The Operator Surface

Elephant Agent is not only a paper architecture. It has to be lived through ordinary surfaces.
The CLI creates and wakes an elephant. The chat TUI is the fast daily path. The Dashboard shows Personal Model claims, questions, evidence, jobs, providers, logs, and herd state. Messaging bridges let the same elephant meet you outside the terminal. Cron jobs let background work happen on a schedule. Tools and skills remain visible capabilities rather than hidden personality changes.
This is also why the project is open source. If an AI is going to grow an understanding of you, the persistence model, learning jobs, question lifecycle, local inference path, and repair operations should be inspectable.
The Core Bet

The next generation of personal AI will not be won by the agent with the longest transcript or the largest skill shelf.
It will be won by the agent that can maintain a living, correctable model of the person it helps.
Elephant Agent is our first version of that bet:
Understanding first. Curious at your pace. Correctable as it grows.
Memory helps. Skills help. But personal AI starts when the system can ask: what do I understand, why do I believe it, what is missing, and how should this change the next answer?
What Comes Next
The next step is to make that understanding deeper, safer, and more capable without losing the center.
We want background learning to do more than notice skill affinity. When the same useful pattern appears across real work, Elephant Agent should be able to propose a new skill or improve an existing one, with the evidence visible and the final shape still yours to accept.

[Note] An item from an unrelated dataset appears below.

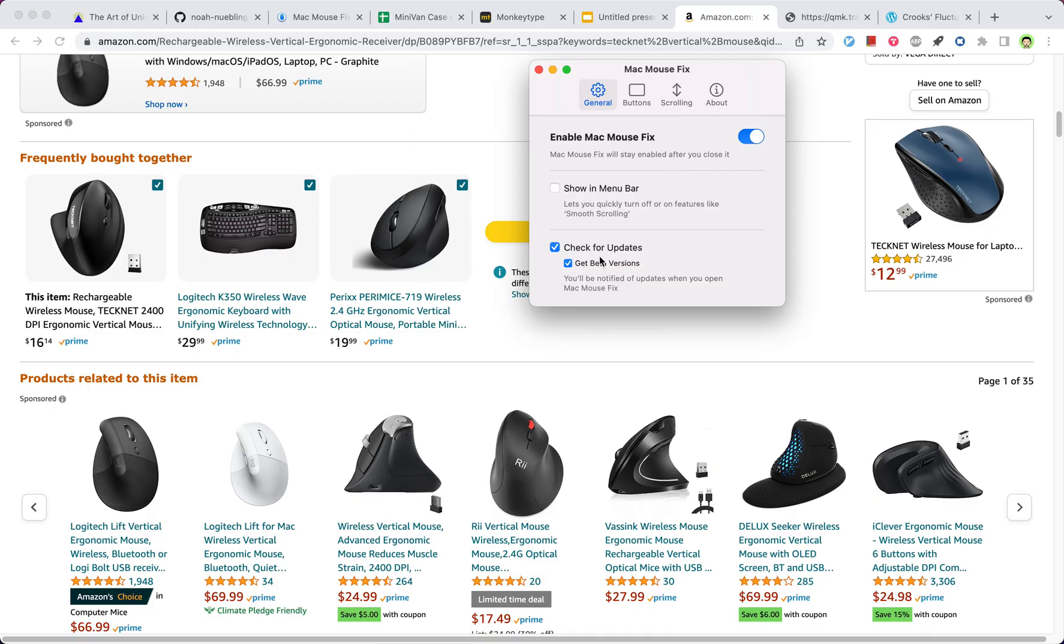I think this is how you get the beta version. There's a button to check updates and check out beta versions.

We also want the security boundary to become as inspectable as memory itself: stronger coding sandbox isolation, clearer tool access control, safer background jobs, and better audit trails for how a recalled claim becomes a model decision or a tool action.
And we want the whole stack to learn together. Personal AI should not optimize memory, routing, inference, and training as separate islands. The path is agent → router → inference → train: vLLM Semantic Router can help choose the right model, privacy posture, jailbreak/tool-risk boundary, and collaboration shape; vLLM inference can expose the latency and KV-cache signals that make long-running agents practical; RL post-training can reward the behaviors that matter here: asking at the right time, refusing weak memory, preserving corrections, and choosing the right capability only when it truly fits.
Elephant Agent is developed by Agentic Intelligence Lab, with collaborators at MBZUAI, McGill University, and Mila. The project is open source under the Apache 2.0 license.